The Welcome Home Diner has money issues, as most new businesses do. They don't have much money leftover after payroll and food costs, but Addie and Sam are committed to making the diner work, sacrificing much to make it successful.

They draw a decent crowd from the young professionals in the area, but they are perplexed as to why the neighborhood residents do not eat at the diner. Their prices are reasonable, the food is delicious, and there isn't another comparable restaurant in the neighborhood.

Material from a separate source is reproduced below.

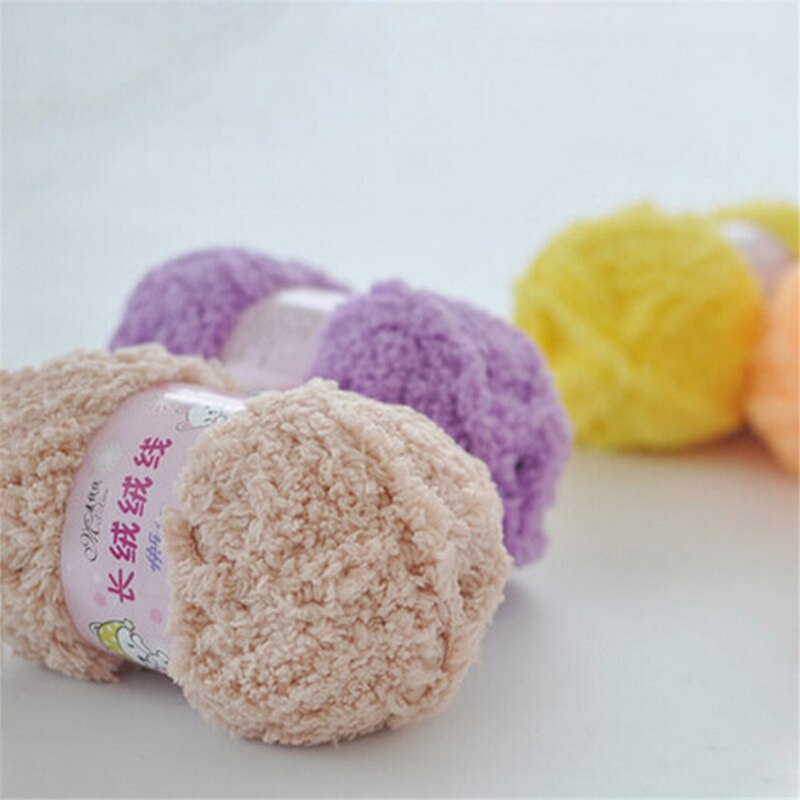Soft Smooth Baby Wool Yarn Knitting Velvet Yarn Thick Fiber Cotton Crochet Yarn Hand Knitting Cashmere Yarn Thread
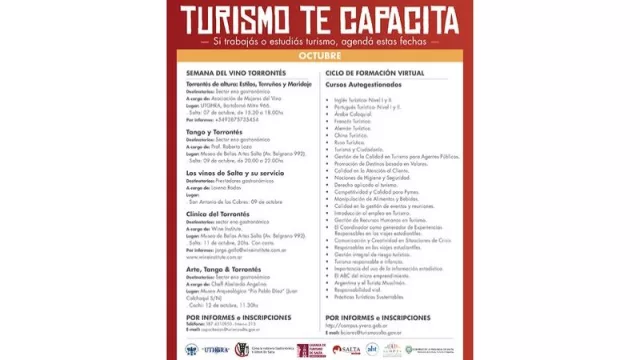 Continúan los cursos gratuitos destinados al sector turístico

In addition, there is a person giving them bad and inaccurate Yelp reviews, a next door neighbor who is openly hostile to them, and a business vendor who is menacing them.

I loved the characters in The Welcome Home Diner. Along with Addie and Sam, they have an interesting staff- Braydon, who started with them on day one and has worked his way up to floor manager, Quiche, a cook who brings her smart young daughter Sun Beam to work with her, and Sylvia, a young woman rescued from sex traffickers whom Addie and Sam take under their wing.

Having owned a restaurant with my husband, I found The Welcome Home Diner fascinating. Lampman gets so much right, such as the stress, the hard, physical work and the comraderie of the team effort. You get a great look at the day-to-day grind of running a restaurant.

The setting of Detroit is a character as well. We get a real feel for what a once-vibrant city is now going through, the struggles of the residents to get back on their feet. Some people appreciate the efforts of newcomers investing in their city, others fear the gentrification and the strangers moving into their neighborhoods.

I recommend The Welcome Home Diner for those who like foodie fiction, and family stories mixed with serious issues and there are even some recipes at the end, like Lamb Burger Sliders with Tzatziki and Beetroot Relish,  and Sylvia's Heartbreakers, which are similiar to the amazing Levain's Chocolate Chip Walnut Cookies, famous in NYC (and my guilty pleasure).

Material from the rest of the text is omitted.